Windrush were served with an abatement notice around August 2018 under section 80 of the Environmental Protect Act 1990, requiring the “abatement of noise, amounting to a statutory nuisance, from the operation of the ““ventilation/extraction/ refrigeration system at the rear of [St Kevins] where there is a boundary with [Kevinscot]”” within 8 weeks of the notice.” This abatement notice was not appealed by Windrush.



The judgement


The court claimed that the claimant had, chiefly, failed to establish the alleged nuisance by the defendant, Windrush. Furthermore, the atmosphere of peace and tranquillity which the claimant had attempted to cultivate was not compatible with the atmosphere of the neighbourhood in question. Indeed, it was therefore not reasonable for Mrs Ray to expect that her eco retreat could exist in the location without the impact of DLHR’s commercial operations.

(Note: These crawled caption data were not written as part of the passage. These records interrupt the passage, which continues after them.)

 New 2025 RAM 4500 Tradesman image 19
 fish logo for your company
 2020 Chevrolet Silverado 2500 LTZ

The claimant’s property was located in what was, for many years in fact, a busy and popular tourist destination. In addition to the tourists who stayed in Mrs Ray’s accommodation requiring food outlets during their visit, Mrs Ray’s property itself benefitted hugely from being in a popular tourist spot in Cheltenham. There were also five pre-existing hot-food takeaways in the areas, so the existence of DLHR’s restaurant was certainly not an exception. While the level of smell and noise was seen to be a matter of factual evidence by the judge, the real question was whether the level of noise or odour amounted to being a nuisance.

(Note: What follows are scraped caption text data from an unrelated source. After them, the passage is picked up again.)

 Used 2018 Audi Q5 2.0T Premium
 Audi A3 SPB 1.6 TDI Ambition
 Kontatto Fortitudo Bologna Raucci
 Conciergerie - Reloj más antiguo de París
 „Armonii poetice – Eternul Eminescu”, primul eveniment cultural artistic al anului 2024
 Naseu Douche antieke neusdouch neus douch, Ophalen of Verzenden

The court found that there was a significant level of difference of perception between the witnesses in terms of the level of noise and/or odour generated by the Mechanical Plant. Mrs Ray found that it was difficult to hold a conversation and cooking odours hung in the air while the Mechanical Plant was in operation.  This was at odds with the claims made by Mr De La Haye.

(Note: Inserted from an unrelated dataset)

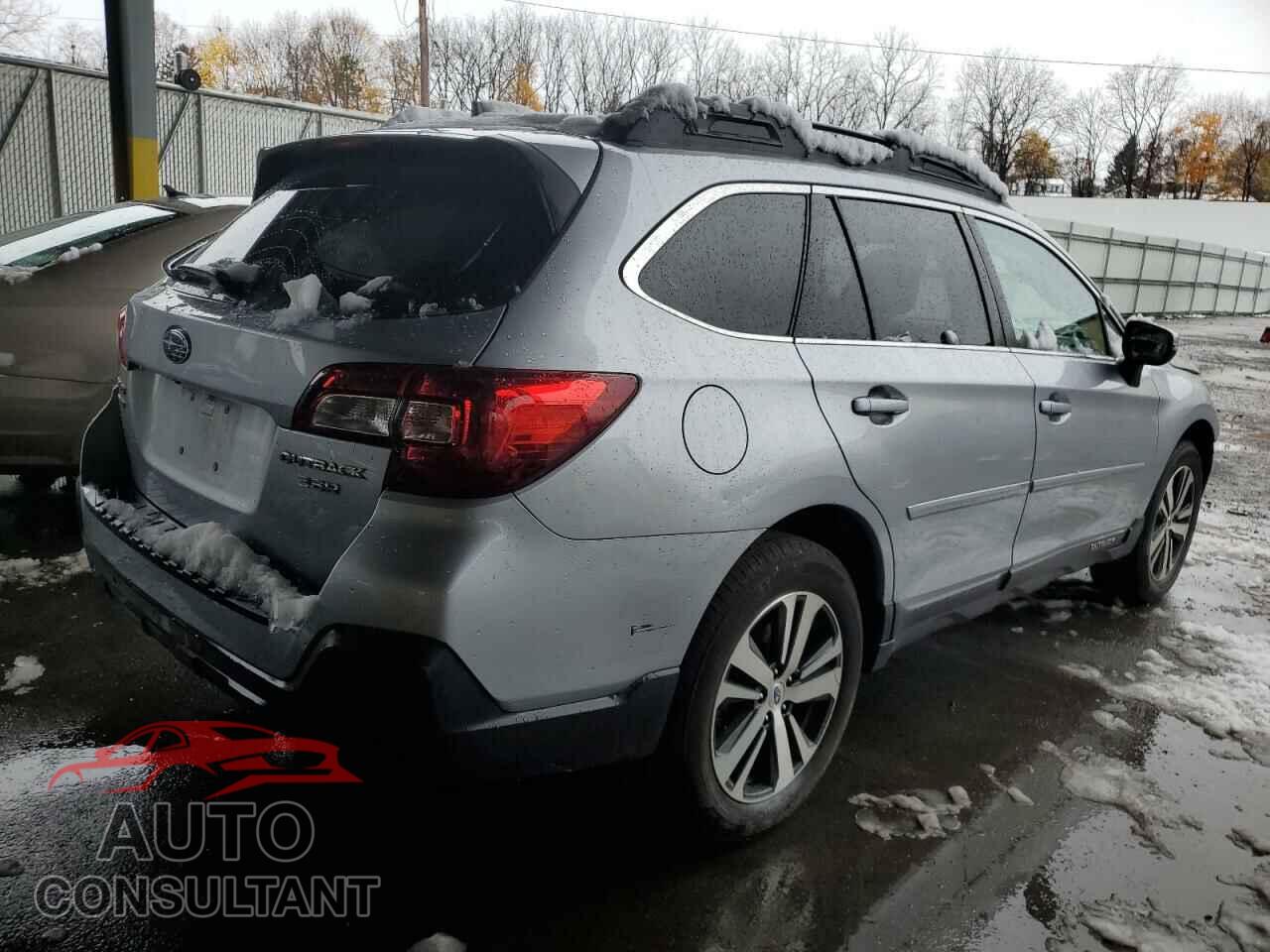 SUBARU OUTBACK 2019 - 4S4BSENC7K3214807
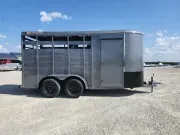 new Horse Trailers BWS Trailers  for sale, in Arthur, IL Thumbnail 2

While the court decided that the noise and odours which emanated from the premises would be of an annoyance to anyone staying at Kevinscot, Mrs Ray’s perception of the Mechanical Plant remained fixed despite the measures taken by Windrush to reduce the level of noise. The court also highlighted how this was illustrated by Mrs Ray’s desire to remove the Mechanical Plant despite it no longer being in operation.


Property owner was able to continue letting the holiday home


It is not clear that Windrush interfered with Mrs Ray’s level of “reasonable enjoyment” of Kevinscot, as she was able to let the property as a holiday home to tenants who were prepared to put up with a certain degree of discomfort and interference. Mr Tongue, the tenant, provided evidence that he and his family could both live and work around the noise and smell.


Mrs Ray continued to let Kevinscot under the AST following the end of the tenancy period, further indicating that her rights had not been interfered with in the period before. Furthermore, her decision and ability to let the property as an Assured Shorthold Tenancy (AST) indicates that violate Mrs Ray’s ownership rights in a manner which supports her claim.


The claim was therefore dismissed by the Technology and Construction Court.


Our thoughts


Overall, while Mrs Ray may be entitled to a degree of sympathy after owning the property for a number of years before the arrival of the restaurant, her expectations surrounding the level of noise and odour were seemingly very unrealistic.


These expectations arose primarily from Mrs Ray’s past usage of the property as an eco-friendly shop and walled garden which was designed to be a place of peace and tranquillity for visitors, which the court found to have shaped Ray’s expectations for the holiday property she converted the shop into.


The judgements mentioned previously in this article which the Technology and Construction Court came to, seem justified given the weight of evidence involved, including the property’s usage as an assured shorthold tenancy once Mrs Ray had decided it could no longer be used as a holiday property.